2025 Theses Doctoral

Context-dependent computations in navigation and decision-making

Sun, Minni

Animals constantly adapt to dynamic external environments, and one effective policy is to select from a toolkit of strategies or skills depending on the current context. For instance, in the classical model of insect odor navigation, instantaneous odor serves as a contextual signal for animals to adjust their navigation strategy: surging upwind when encountering the odor and searching randomly when losing the odor. More generally, the contextual signal could integrate external information with internal state to determine the appropriate strategy.

In Chapter 2, I discuss the context-dependent use of directional memories in fruit fly odor navigation. Using a virtual reality olfactory paradigm developed by the Ruta lab that allows precise closed-loop control over odor encounters, we found that flies track an appetitive odor corridor by following its boundary, alternating between rapid counterturns to exit the plume and directed returns to its edge. This "edge-tracking" behavior allows flies to advance along a plume even when it is not aligned to the wind.

Our behavior analyses show that edge tracking cannot be attributed to reflexive strategies based on instantaneous odor cues. Instead, flies alternate between leaving and returning states, with transition rates depending on the presence or absence of odor. State-dependent directional biases then guide flies away from or back toward the edge. Flies rely on distinct returning biases when tracking edges in different directions, suggesting that they use memory of past entry directions to bias subsequent return. I developed a switching state-space model implementing this hypothesis. The model, fitted to data, captures the ability of flies to track various edge directions, and predicts that a fly's returning bias can be altered by a few operant training sessions in which appetitive odor is turned on whenever flies spontaneously walk in a certain direction. We verified this prediction in flies through behavioral experiments. Components of our model can be mapped directly onto the neural circuits of the Drosophila fan-shaped body, building the foundation for investigating the underlying neural mechanisms. As a first step in this direction, we found that FC2 neurons within the fan-shaped body signal state-dependent directional goals that guide a fly's return to the odor edge.

In Chapter 3, I discuss how inferring computational contexts can facilitate continual learning in recurrent neural networks. The ability to continually learn different tasks is an important feature of cognitive flexibility, yet it remains a challenging problem in neural network models. Most existing models encode task identities as one-hot embeddings, failing to capture the similarity or compositional structures of different tasks. We show that a large family of cognitive tasks studied in neuroscience can be systematically described by a probabilistic generative model, in which compositionality stems from a shared vocabulary of discrete computational contexts. These contexts can then dictate what computations to perform across different trial epochs. We developed an online learning algorithm that allows this task model to build its vocabulary incrementally as it encounters new tasks and to infer time-varying contexts given task identity and trial input.

I then designed a recurrent neural network with low-rank components selectively gated by the computational context inferred by the task model. Contextual inference facilitates the creation, learning, and reuse of low-rank RNN components as new tasks are introduced sequentially, enabling continual learning without catastrophic forgetting. Using an example task set, I demonstrate the competitive performance of this learning framework, its potential for forward and backward transfer, as well as rapid compositional generalization to unseen tasks.

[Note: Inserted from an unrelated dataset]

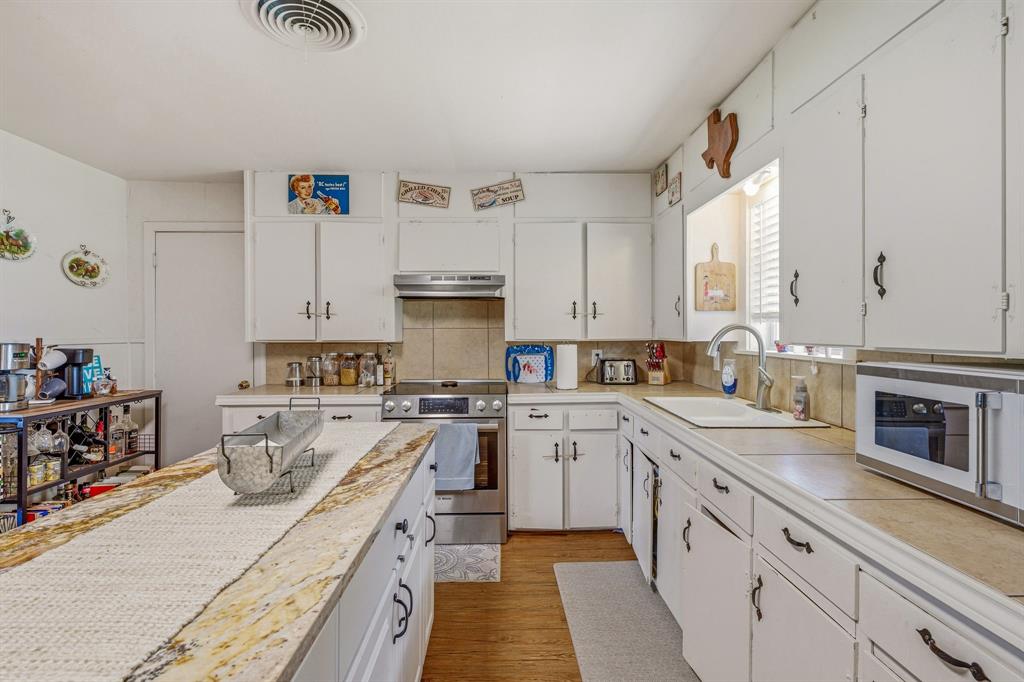 5370 Highway 1702 Property Photo 10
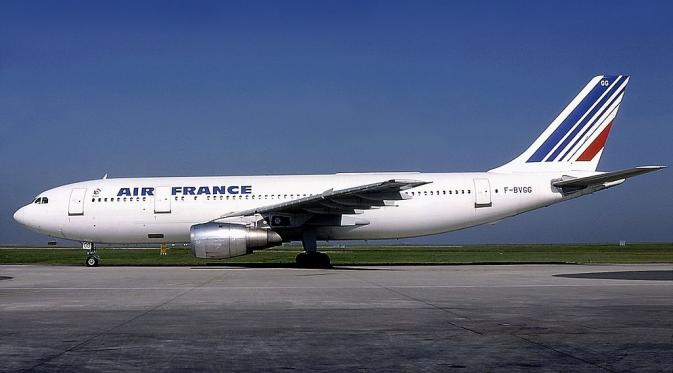 Pembajak dari pesawat Air France. (jspace.com)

Other than discrete contexts, animals can adapt their strategies to continuous contextual signals. In Chapter 4, I show that adapting to a continuous context, i.e., implicit task demand, leads to improved performance in a visual tracking task. Humans are adept at tracking moving objects in complex scenes, even when targets are visually identical to distractors and can only be tracked through spatial continuity, a task known as multiple object tracking (MOT). Behavior studies on this task show that tracking precision flexibly adapts to task demand, with precision increasing when distractors are in close proximity. I ask whether task-optimized neural networks can reproduce this flexibility, and if so, what type of objective function is required.

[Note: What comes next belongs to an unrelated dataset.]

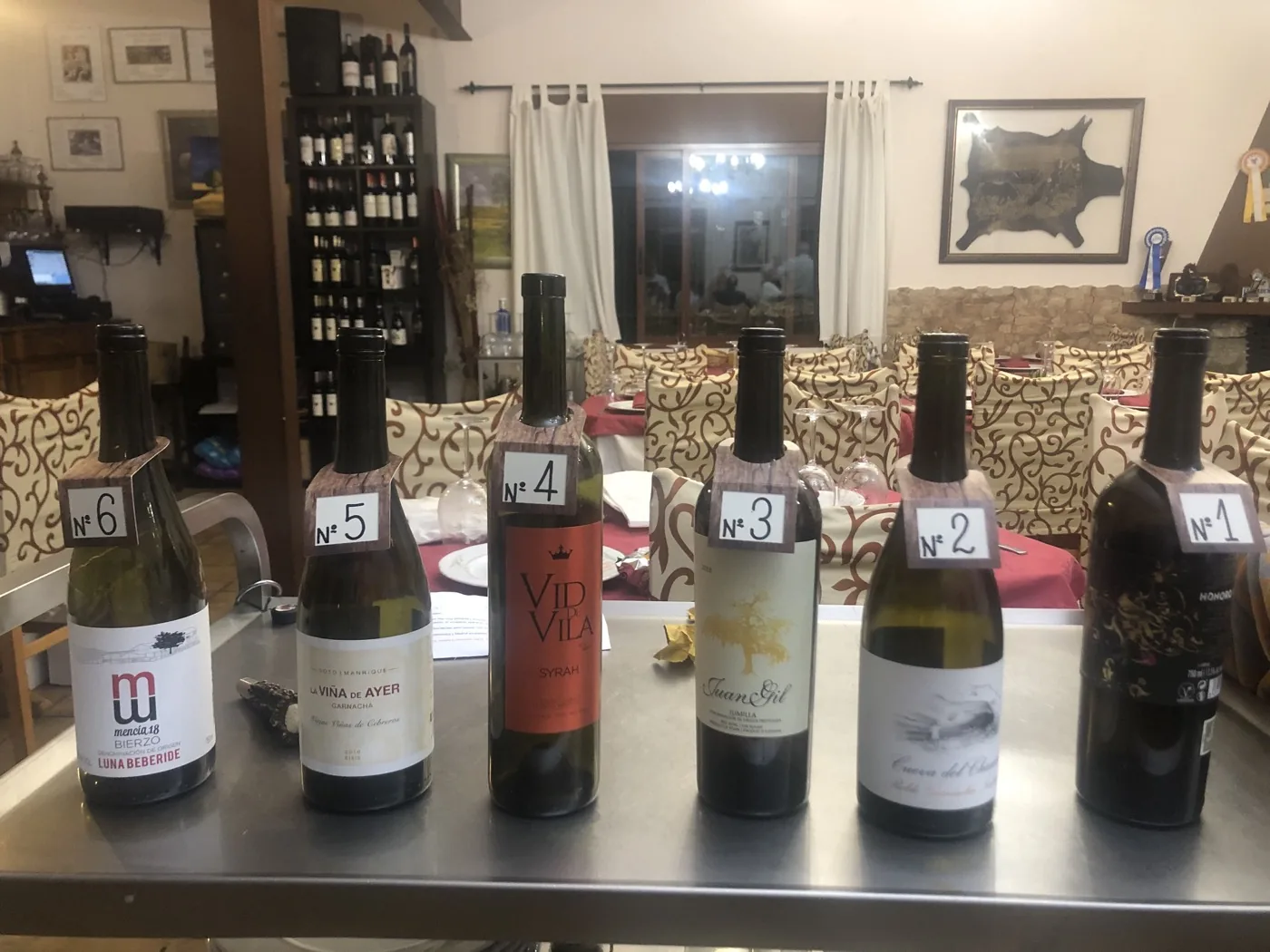 Cata a ciegas de vinos monovarietales en el Asador Asomadilla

I compared a classification objective, which mirrors the decision format of MOT by labeling objects as targets or distractors, with a regression objective, which enforces slot-based outputs for target locations. Only classification-based models reproduced the demand-driven tracking precision observed in humans, and they generalized more effectively to larger target sets and to clustered targets. These results suggest that the classification objective aligns more closely with the behavioral goals of visual tracking. By contrast, the regression objective, designed for veridical estimation, is advantageous for extrapolating predictable trajectories, making it better suited for modeling visual–motor tasks such as object interception.